After four years of economic sacrifices, Greece bet it could agree an early end to its international bailout. Instead a stand off with creditors in a Paris townhouse led to new political uncertainty and another euro zone storm.
Greece triggered the regional financial crisis in 2009 when a far higher budget deficit than previously calculated emerged.
The collapse of talks in Paris on Nov. 26 set off a month-long sequence of events leading to elections next week and proving Greece is still the region's weak link. The vote is expected to be won by Syriza, a far-left party opposed to the bailout, worrying investors and creditors alike.
At the tense meeting with Greek cabinet members to discuss exiting the four-year 240 billion euro aid package in December, a year early, International Monetary Fund and European Union officials insisted on extra cuts or revenues in the 2015 budget, according to people present.
Greek officials balked. The conservative-led government of Prime Minister Antonis Samaras had already imposed salary freezes, layoffs and special taxes. Any more austerity would be political suicide.
"They were giving us the impression that no matter what we did, they would not conclude the review," one Greek official said on condition of anonymity because of the confidential nature of discussions between Athens and its lenders.
"After that Paris meeting, we knew it was over."
EU and IMF spokespeople declined to comment for this story.
Heated discussions between Athens and its lenders are not uncommon but Greek officials said the uncompromising stance of the inspectors was rooted in something neither side would openly admit: uncertainty over whether Samaras's government would survive a presidential vote scheduled for February.
For the lenders, it would make little sense to declare the aid program a success and disburse the final tranche of over 7 billion euros in aid if an anti-bailout government was soon set to take power and abandon the pledges made so far.
But for Samaras, failing to exit the deal early, as he had promised, left him without a weapon to win over lawmakers in the February vote. It also weakened him in the eyes of the electorate, driving voters into the arms of the Syriza party.
Trying to leverage his dwindling political capital, he brought the presidential vote forward to December, but then lost, triggering elections on January 25th.
Investors and Greece's lenders fear Syriza will turn back the clock on many of the reforms introduced over the past few years, weakening its position in Europe and possibly pushing it out of the euro zone currency area. Stocks tumbled and 10-year bond yields soared beyond 10 percent earlier in January.

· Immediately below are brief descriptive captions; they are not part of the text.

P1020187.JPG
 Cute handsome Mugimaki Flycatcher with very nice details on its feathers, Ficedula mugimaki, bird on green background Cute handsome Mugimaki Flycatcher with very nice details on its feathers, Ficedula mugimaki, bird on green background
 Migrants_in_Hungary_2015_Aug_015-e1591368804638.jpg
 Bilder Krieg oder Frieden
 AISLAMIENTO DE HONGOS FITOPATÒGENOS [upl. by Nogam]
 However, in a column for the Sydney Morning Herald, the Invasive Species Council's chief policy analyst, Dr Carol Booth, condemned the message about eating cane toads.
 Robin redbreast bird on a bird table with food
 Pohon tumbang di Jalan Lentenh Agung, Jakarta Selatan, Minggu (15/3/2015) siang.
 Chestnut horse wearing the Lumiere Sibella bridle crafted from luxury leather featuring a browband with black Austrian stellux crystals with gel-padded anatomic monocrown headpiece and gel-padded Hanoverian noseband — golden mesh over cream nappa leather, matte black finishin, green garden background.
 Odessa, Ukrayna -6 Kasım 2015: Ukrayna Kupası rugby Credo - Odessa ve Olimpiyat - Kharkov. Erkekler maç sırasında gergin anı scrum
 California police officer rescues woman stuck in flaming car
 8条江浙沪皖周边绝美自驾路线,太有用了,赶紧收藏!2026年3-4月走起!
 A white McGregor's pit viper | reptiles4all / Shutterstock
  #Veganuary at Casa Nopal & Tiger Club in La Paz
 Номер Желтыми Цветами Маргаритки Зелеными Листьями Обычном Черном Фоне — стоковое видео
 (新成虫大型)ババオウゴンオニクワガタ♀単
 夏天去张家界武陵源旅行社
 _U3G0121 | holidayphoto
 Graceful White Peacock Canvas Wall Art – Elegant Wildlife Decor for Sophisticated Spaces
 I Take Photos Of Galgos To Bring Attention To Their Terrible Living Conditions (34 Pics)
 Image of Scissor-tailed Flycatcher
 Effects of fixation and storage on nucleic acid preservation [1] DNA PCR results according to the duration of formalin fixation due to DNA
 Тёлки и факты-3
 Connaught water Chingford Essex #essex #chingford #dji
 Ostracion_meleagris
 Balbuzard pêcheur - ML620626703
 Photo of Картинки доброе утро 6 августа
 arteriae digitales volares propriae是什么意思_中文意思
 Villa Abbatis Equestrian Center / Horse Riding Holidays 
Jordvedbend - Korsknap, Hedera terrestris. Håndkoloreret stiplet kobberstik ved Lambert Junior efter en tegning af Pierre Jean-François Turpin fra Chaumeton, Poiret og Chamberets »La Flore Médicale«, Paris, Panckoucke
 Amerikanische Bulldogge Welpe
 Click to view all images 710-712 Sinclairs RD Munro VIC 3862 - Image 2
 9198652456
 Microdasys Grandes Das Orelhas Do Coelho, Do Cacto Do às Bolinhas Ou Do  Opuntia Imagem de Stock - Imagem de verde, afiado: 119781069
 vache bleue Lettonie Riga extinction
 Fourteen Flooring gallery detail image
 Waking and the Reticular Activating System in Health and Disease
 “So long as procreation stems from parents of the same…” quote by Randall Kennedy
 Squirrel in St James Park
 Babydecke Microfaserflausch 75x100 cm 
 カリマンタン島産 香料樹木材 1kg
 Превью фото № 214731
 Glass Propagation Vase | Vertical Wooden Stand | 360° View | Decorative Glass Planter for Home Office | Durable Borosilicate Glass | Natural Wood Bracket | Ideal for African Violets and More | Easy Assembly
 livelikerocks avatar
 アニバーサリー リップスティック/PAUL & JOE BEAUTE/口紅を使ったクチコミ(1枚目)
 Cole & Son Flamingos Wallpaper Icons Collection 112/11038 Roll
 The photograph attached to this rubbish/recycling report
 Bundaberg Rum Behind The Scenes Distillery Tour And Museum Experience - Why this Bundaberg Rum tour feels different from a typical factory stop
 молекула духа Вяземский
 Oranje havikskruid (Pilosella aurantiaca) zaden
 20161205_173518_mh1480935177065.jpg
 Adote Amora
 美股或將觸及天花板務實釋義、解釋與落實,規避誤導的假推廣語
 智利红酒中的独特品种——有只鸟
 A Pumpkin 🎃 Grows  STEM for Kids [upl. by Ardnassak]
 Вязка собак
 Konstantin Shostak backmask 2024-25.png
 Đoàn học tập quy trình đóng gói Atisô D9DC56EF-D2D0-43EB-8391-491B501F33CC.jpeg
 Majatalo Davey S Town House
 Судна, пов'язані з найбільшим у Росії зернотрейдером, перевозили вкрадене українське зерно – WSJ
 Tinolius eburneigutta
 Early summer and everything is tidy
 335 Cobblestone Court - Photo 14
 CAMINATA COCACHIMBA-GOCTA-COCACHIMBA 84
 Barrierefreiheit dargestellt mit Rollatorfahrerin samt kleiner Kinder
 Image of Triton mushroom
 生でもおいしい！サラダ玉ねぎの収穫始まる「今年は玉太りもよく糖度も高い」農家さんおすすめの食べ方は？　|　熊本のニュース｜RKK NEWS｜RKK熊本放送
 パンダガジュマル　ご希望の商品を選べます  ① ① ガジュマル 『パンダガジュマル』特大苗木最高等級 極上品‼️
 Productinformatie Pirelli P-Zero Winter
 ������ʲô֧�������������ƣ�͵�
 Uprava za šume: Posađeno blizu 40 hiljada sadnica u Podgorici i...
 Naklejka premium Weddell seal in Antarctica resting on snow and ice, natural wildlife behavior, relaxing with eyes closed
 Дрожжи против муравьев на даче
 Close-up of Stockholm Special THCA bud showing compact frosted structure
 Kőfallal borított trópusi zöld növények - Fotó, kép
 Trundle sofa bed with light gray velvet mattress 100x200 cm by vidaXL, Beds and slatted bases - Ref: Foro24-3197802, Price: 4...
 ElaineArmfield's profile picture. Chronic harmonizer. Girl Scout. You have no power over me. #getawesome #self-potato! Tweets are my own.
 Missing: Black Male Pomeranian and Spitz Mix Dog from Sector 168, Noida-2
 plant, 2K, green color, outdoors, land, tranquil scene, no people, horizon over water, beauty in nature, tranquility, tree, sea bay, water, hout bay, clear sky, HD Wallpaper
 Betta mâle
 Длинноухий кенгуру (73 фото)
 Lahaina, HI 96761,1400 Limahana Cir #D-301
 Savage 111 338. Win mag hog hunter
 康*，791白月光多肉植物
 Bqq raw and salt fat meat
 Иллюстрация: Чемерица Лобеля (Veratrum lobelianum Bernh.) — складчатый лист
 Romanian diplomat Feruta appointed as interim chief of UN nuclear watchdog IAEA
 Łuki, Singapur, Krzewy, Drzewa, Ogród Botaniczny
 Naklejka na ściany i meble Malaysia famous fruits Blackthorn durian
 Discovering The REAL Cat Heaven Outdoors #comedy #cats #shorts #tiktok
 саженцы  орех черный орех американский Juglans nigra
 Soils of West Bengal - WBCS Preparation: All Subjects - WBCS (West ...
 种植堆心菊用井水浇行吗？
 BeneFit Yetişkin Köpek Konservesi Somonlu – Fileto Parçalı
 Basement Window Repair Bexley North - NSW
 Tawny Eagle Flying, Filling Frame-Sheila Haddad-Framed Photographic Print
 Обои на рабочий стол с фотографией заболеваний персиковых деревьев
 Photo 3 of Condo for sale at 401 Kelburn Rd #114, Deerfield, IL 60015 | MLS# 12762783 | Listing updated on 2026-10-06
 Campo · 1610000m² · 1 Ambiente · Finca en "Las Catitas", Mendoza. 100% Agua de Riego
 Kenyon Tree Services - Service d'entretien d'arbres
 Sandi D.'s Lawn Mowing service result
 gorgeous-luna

"Syriza policies would be unlikely to satisfy the lenders," said Blanka Kolenikova, senior analyst at IHS Global. "Its policy program would likely complicate Greece's negotiations with the creditors as it is unlikely to be received well."
CRISIS IN THE MAKING
Despite Greece's sudden return to the spotlight, trouble had been brewing for Samaras's government since May.
The momentum ought to have been clearly in his favor: Greece had just returned to bond markets after a four-year exile, it had reported a primary budget surplus after decades and there were signs of an economic recovery.
But Greeks were hurting from four years of wage and pension cuts. Unemployment was over 25 percent. The economic malaise helped Syriza storm to victory in European elections in May.
A botched introduction of a new property tax over the summer further added pressure on the government. By early autumn, polls showed Syriza firmly ahead and the troika was demanding further pension reform and tax hikes to ensure a near balanced budget.
Samaras was convinced he would not get any more austerity measures passed in parliament, a government official said.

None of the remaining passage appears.